When you attempt to perform a combat maneuver, make an attack roll and add your CMB in place of your normal attack bonus. Add any bonuses you currently have on attack rolls due to spells, feats, and other effects. These bonuses must be applicable to the weapon or attack used to perform the maneuver. The DC of this maneuver is your target's Combat Maneuver Defense. Combat maneuvers are attack rolls, so you must roll for concealment and take any other penalties that would normally apply to an attack roll.
The debate (at least as we had it) hinges partly on whether something that is used in place of a melee attack is still a melee attack (as the rogue ability works on a "melee attack")
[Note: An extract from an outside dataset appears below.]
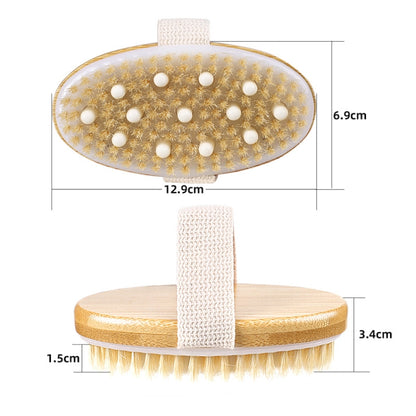 PPR Soft Beaded Boar Bristle Handleless Oval Massage Bath Brush(As Show) - Bath Brushes & Sponges by buy2fix | Online Shopping UK | buy2fix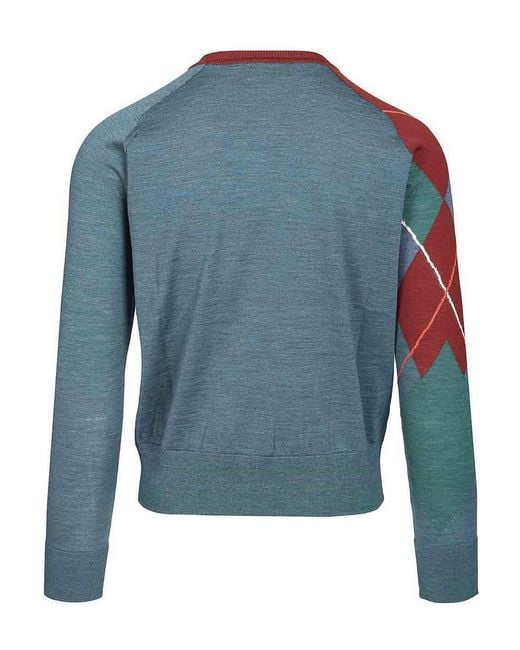 Vivienne Westwood Blue Argyle Jumper for men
1: Favors a broad reading of melee attack. Things that replace a melee attack (disarm, in this case) are treated the same as a melee attack: try to wrest away a rogue's weapon, he can make you wrest away someone else's.
2: Favores a strict reading of melee attack. Only an actual melee attack counts, something that is used in place of a melee attack does not (even if it is something using an attack roll).
3: Some other argument we didn't think of?
| Isil-zha |
The last sentence you cited, states that combat maneuvers are attack rolls, and since most of them require you to be within melee range this might make for an argument that they are forms of melee attacks.
Not saying that I necessarily agree with this reasoning, but I can see someone bringing this up to make their case.
| Isil-zha |
well, then that's true for a regular attack as well (the DC is the targets AC the same way the CMD is the DC of the maneuver)
whether or not every beaten DC would be called a hit is a different question (For a sunder attempt I'd definitely say yes though - even though in this case it's not the rogue that got hit, but his weapon)
Edit: Again, not trying to argue for either position, just saying that the language isn't quite as clear. If I had to rule on this I'd totally be with mplindustries on that one, I think this is RAI.
| jerrys |
i think it's a lot easier to accidentally hit the wrong guy with your club, than it would be to accidentally grapple the wrong guy.
I guess that I could see accidentally tripping the wrong guy. (And grapple is a bad example anyway since it's a standard action.)
What about this: say that the rogue has one weapon, and the redirect-victim has two. And the attacker tries to disarm the rogue. If you let the rogue redirect the disarm to the other guy, which hand gets disarmed? Or, same with sunder?
I guess that I would rule that you can use the redirect to negate the maneuver on you, but not have it affect the other guy. (i realize this is consistent with neither interpretation of the rules, but it's what I like.)
| mplindustries |
well, then that's true for a regular attack as well (the DC is the targets AC the same way the CMD is the DC of the maneuver)
First, no, AC is never called the DC of an attack roll the way CMD is called the DC of a maneuver.
Second, I should not have even mentioned it as it is not as relevant as the fact that while maneuvers are attacks, they do not "hit." Only actually damaging attacks hit.
| Isil-zha |
So, with this definition, a sunder attack hits, a maintained grapple to do damage hits... I wish the language were as clear cut as you make it out to be, but it isn't.
I still think the intention for the rogue talent is quite clear, though.
And of course AC is a DC it follows all the same rules and the whole game is based on that same principle of meeting difficulties to succeed on the role, differentiating at this point is rather like splitting hairs, I believe.